UN’s Ban calls for end to fighting in Libya

TRIPOLI, Libya (AP) — U.N. Secretary-General Ban Ki-moon traveled Saturday to Libya to support a reconciliation process between warring factions there, calling on renegade general fighting Islamist militias in its east to stop his operations and on armed groups to leave the capital’s airport.

Ban was in Libya days after the U.N. launched a reconciliation process that seeks to resolve the bloody rift that has left their oil-rich North African nation deeply split with two separate parliaments and governments.

Stressing the need to end the fighting, Ban appealed to all armed groups to put their weapons down, saying that a military solution will not be sustainable.

“The international community can’t tolerate the continuous spilling of Libyan blood,” Ban told a televised meeting that brought together representatives from rival political groups. Italy’s Foreign Minister Federica Mogherini, and other European diplomats also attended the meeting.

Libya witnessed a spasm of violence this summer when militias mainly from the western city of Misrata and groups allied to Islamists swept through the capital, Tripoli, backing a government appointed by the country’s previous parliament. Libya’s newly elected parliament and its government backed by non-Islamists, driven out of the capital, have been meeting in the country’s east.

Violence has displaced 287,000 people across Libya, including 100,000 in fighting on the outskirts of Tripoli in the last three weeks alone, the U.N. reported.

Meanwhile, renegade Gen. Khalifa Hifter launched a campaign against Islamist groups in the country’s east, setting off fighting that has raged over the summer. Forces loyal to Hifter have been pushed back by a coalition of Islamist militias, including radical groups.
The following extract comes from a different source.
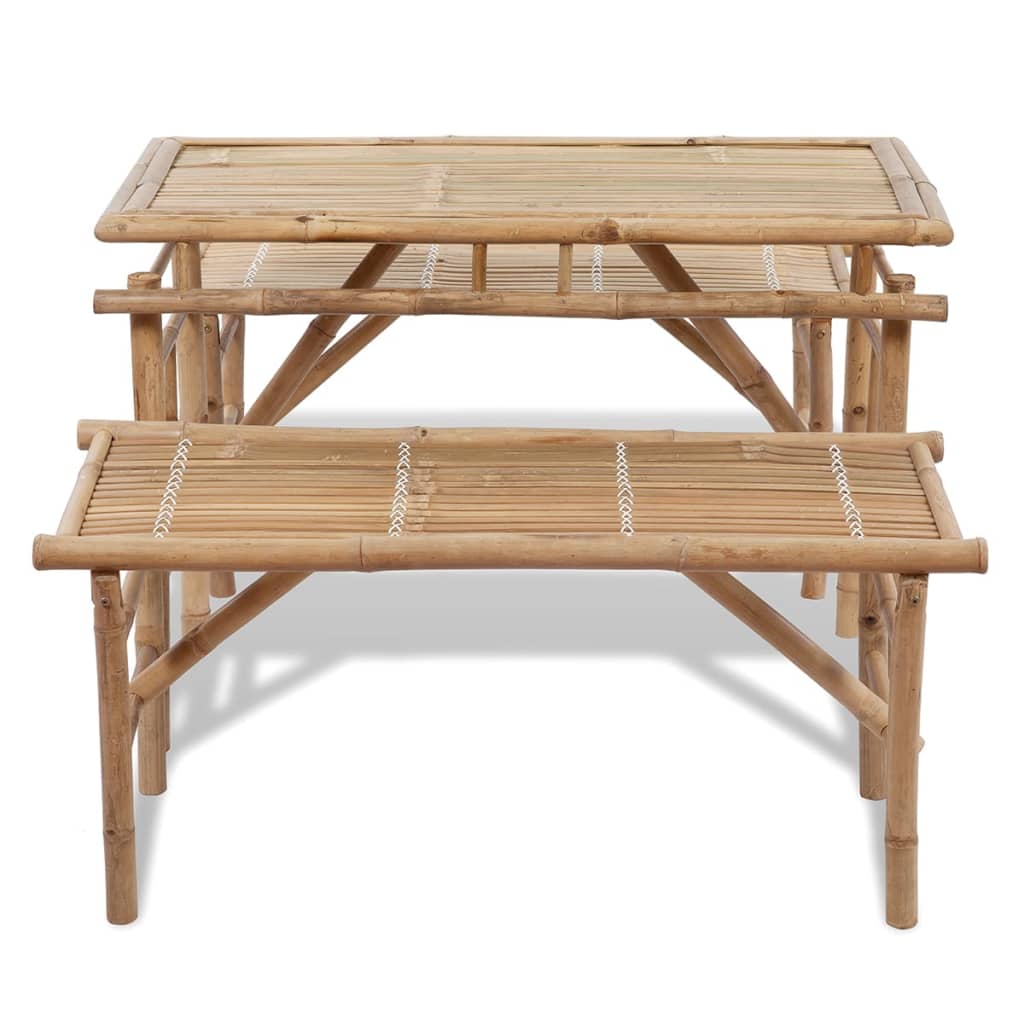 Table with 2 Benches 100 cm Bamboo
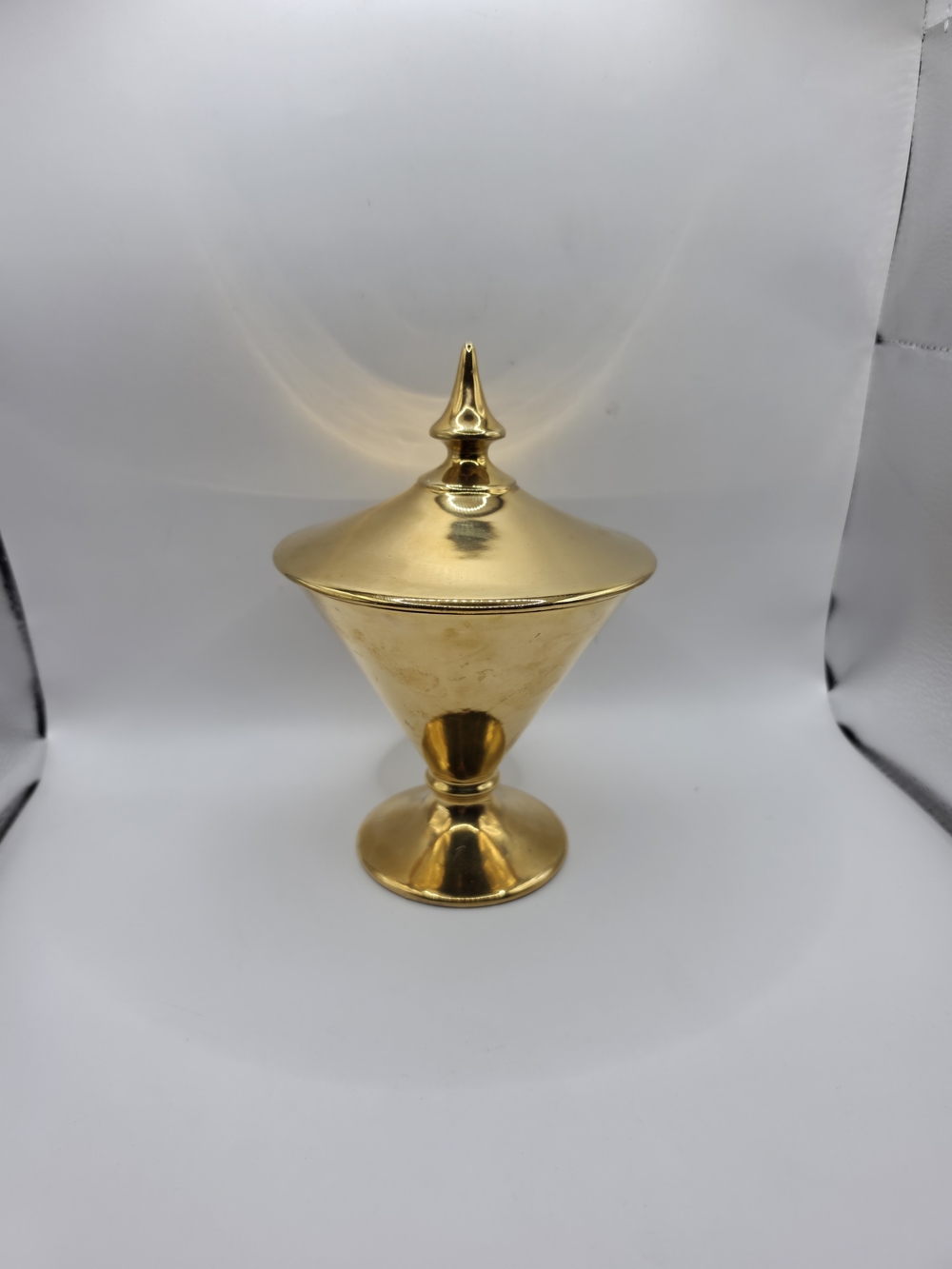 Mid Century Royal Winton Grimwades "Golden Age" gold-glazed covered candy dish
But fighting has continued and at least 15,000 have been displaced around Benghazi.

“We ask for all groups to stop fighting,” Ban said. “The United Nations also strongly demands that all military and armed groups withdraw from all Libyan cities, from airports and official buildings, in order to pave the way for legitimate bodies to work and meet the Libyan people’s needs.”

Ban’s visit to Tripoli is his second to Libya since the 2011 fall of longtime dictator Moammar Gadhafi. The U.N.-sponsored dialogue was launched on Sept. 29.

Ban said the end of the fighting has to take hold without any preconditions.

“The country can’t afford to be politically divided for such a long time,” he said.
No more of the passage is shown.